Dec 10 – 14, 2018
Nordita, Stockholm
Europe/Stockholm timezone

Venue

Nordita, Stockholm, Sweden

Scope

  • Entangled and competing orders
  • Dynamic multiferroicity and coupled critical points
  • Dynamic orders and time orders
  • Transient dynamics and correlations
  • Dynamics of hidden orders
  • Discoveries of classical active matter
  • Dynamics of classical and quantum fluids
  • Hidden and odd frequency orders

Over the past century, the starting points in nearly any new study of condensed matter have been Fermi liquid theory and the associated Landau-Ginzburg-Wilson approach to phase transitions, supplemented with important concepts including localization and classification according to symmetry. These ideas are based on the fundamental notion of an ordered state characterized by a Landau order parameter and the emergence of quasiparticles corresponding to the broken symmetry that can often be approximated as non-interacting. This paradigm has been remarkably successful, with the most prominent example being the BCS theory of superconductivity and a Fermi liquid theory.

The conventional approaches for treating condensed matter described above have therefore been challenged recently. We see a growing library of states that do not display classic Fermi liquid behavior or conventional Landau orders, e.g., topological and non-local orders that go beyond the Landau-Ginzburg-Wilson approach. We also witness discoveries of many materials that exist on the verge of transitions to different types of ordered states. As a result, the conventional notion of well-defined quasiparticles no longer applies.

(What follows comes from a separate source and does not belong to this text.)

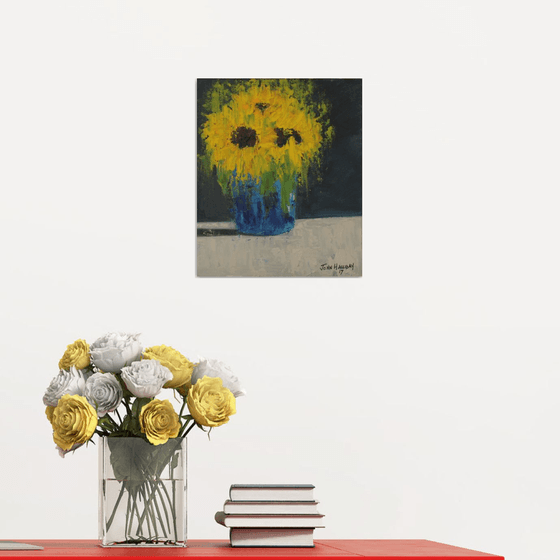Sunflowers in blue vase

These developments are encapsulated within the new category of condensed matter known as “quantum materials”, which has stimulated a host of new ideas based on unconventional correlated, entangled, and topological orders. Importantly, entangled orders, where the description of one order is incomplete without specifying its entangled counterpart, are purely quantum in nature and thus inherent to these materials. These materials have been challenging to understand and model with traditional approaches, but also offer great potential for new functionalities (e.g., using multiferroic materials) tuned by varying external conditions (e.g., temperature and doping). Microscopic features (e.g., correlations, entanglement, novel orders in time domain like odd frequency superconductivity and topology) that determine the properties of quantum materials naturally reveal themselves in the time domain, since their temporal evolution is governed by the full Hamiltonian, which contains interactions. These interactions determine transient correlations and coherences in quantum materials.

Attendant with the developments on theory and modeling we see a rapid rise of new probes of matter, most prominently, MAX IV and ESS that are capable of revealing a new and exciting behavior of quantum matter at the short time scale with high spatial resolution.

In a broader context, similar developments impact research on classical matter. To stimulate the exchange of ideas between classical and quantum matter research we will also have a lecture on the dynamic classical matter.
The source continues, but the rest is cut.